Os artesãos também possuíam uma hierarquia interna, dividindo-se em Mestres, Companheiros e Aprendizes. 

Esquematicamente, a escala social medieval poderia ser assim representada:

·        Clero
·        Nobreza
·        Povo: Burguesia, Camponeses e Artesãos (Mestres – Companheiros – Aprendizes)

Não é aqui o momento de justificar essa organização social, expondo suas funções, sacrifícios, virtudes e direitos. Faremos isso, noutro trabalho. Agora, importa-nos apenas registrar essa organização social medieval, para explicar como se deu a sua destruição. Todavia, um ponto que convém desde agora salientar é que essa organização social não era de castas, como eram as sociedades pagãs.

Na sociedade medieval, qualquer pessoa podia mudar de grupo social. Assim, qualquer camponês poderia se tornar sacerdote, e passaria para a primeira camada da sociedade. E, entrando no clero, tendo valor, esse camponês poderia alcançar altas dignidades, e até mesmo chegar a ser Papa, como, aliás, aconteceu por diversas vezes, na Idade Média. São Gregório VII, por exemplo, foi o Papa mais importante da Idade Média e tinha origem camponesa, sendo filho de um cabreiro (Régine PERNOUD, 1981, p.101). O Abade Suger era filho de servo da gleba, e, mesmo assim se tornou Abade de São Denis, e foi Regente da França. O Arcebispo de Paris, Maurice de Sully, que ordenou a construção da famosa catedral de Notre-Dame de Paris, era de família pobre. O Papa Urbano VI era filho de um sapateiro. 

O Clero foi o grande instrumento de ascensão e promoção social na Idade Média. 

O camponês também poderia ascender à nobreza, pela pratica de um heroísmo. Santa Joana d’Arc foi enobrecida por sua proeza militar. 

Por outro lado, qualquer pessoa de Estado mais elevado poderia ser rebaixada: um clérigo podia ser reduzido ao estado leigo como punição de certos crimes. Um nobre poderia perder seu título e seus privilégios por causa de crimes, ou, por vezes, por exercer o comércio, visto que a Nobreza consiste em usar todas as qualidades próprias em proveito de outrem, enquanto o comerciante usa de todas as suas qualidades para obter lucro para si.

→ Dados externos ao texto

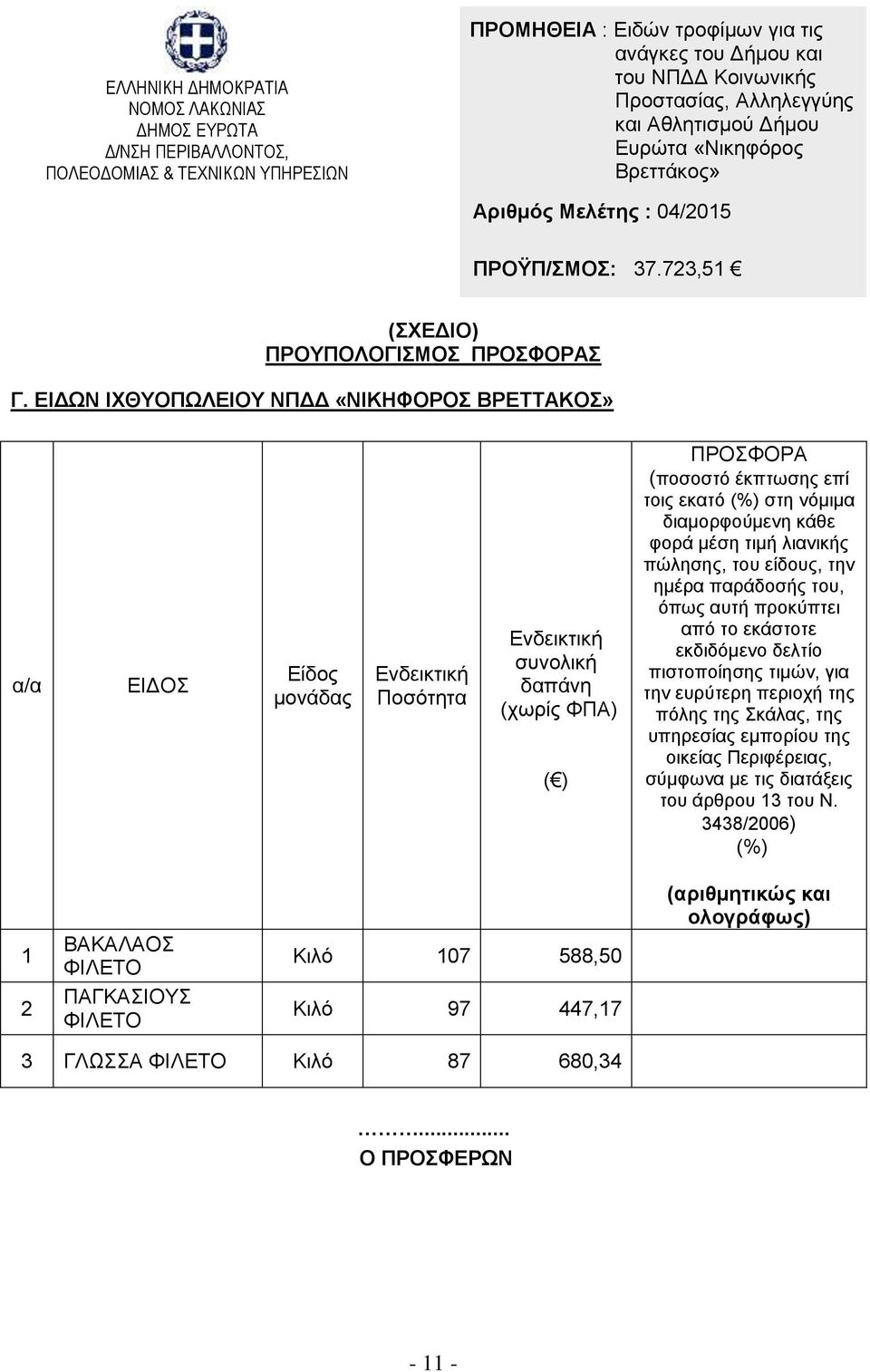 ΔΗΓΧΝ ΗΥΘΤΟΠΧΛΔΗΟΤ ΝΠΓΓ «ΝΗΚΖΦΟΡΟ ΒΡΔΣΣΑΚΟ» ζπλνιηθή δαπάλε (ρσξίο ΦΠΑ) ( ) ΠΡΟΦΟΡΑ (πνζνζηφ έθπησζεο επί ηνηο εθαηφ (%) ζηε λφκηκα δηακνξθνχκελε θάζε θνξά κέζε ηηκή ιηαληθήο πψιεζεο, ηνπ είδνπο, ηελ
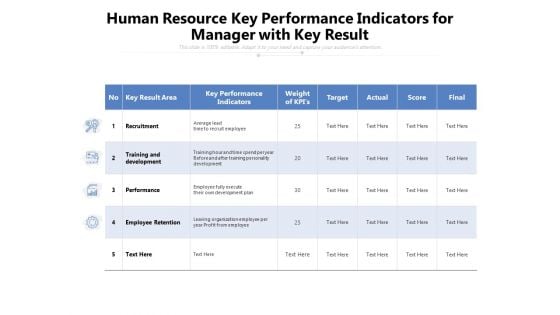 Human Resource Key Performance Indicators For Manager With Key Result Ppt PowerPoint Presentation File Graphics Tutorials PDF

Mas, em Repúblicas que viviam do comércio — como Genova e Veneza — o comércio era obrigatório para os nobres, pois seu esforço redundaria em proveito geral daquela sociedade e daquela República.

Portanto, não havia castas na Idade Média. Esse foi um dos grandes bens que a Igreja proporcionou à civilização na Idade Média: acabar com as castas. 

A sociedade medieval tinha, pois, como pilares de sua estrutura, em primeiro lugar, o Papa, aceito como autoridade suprema, pois era o Vigário de Cristo na Terra; e, em segundo lugar, o princípio da desigualdade de direitos, já que se admitia, com o Evangelho e com São Tomás de Aquino, que Deus não fez e não quer os homens iguais, mas semelhantes. 

Portanto, para destruir a sociedade medieval, era preciso derrubar esses dois pilares: o Papa e a desigualdade de direitos. E foi o que fizeram aqueles que desejavam destruir a Cidade de Deus, e fazer triunfar a Cidade do Homem. 

Substituíram o Teocentrismo pelo Antropocentrismo. Colocaram o Homem no lugar de Deus.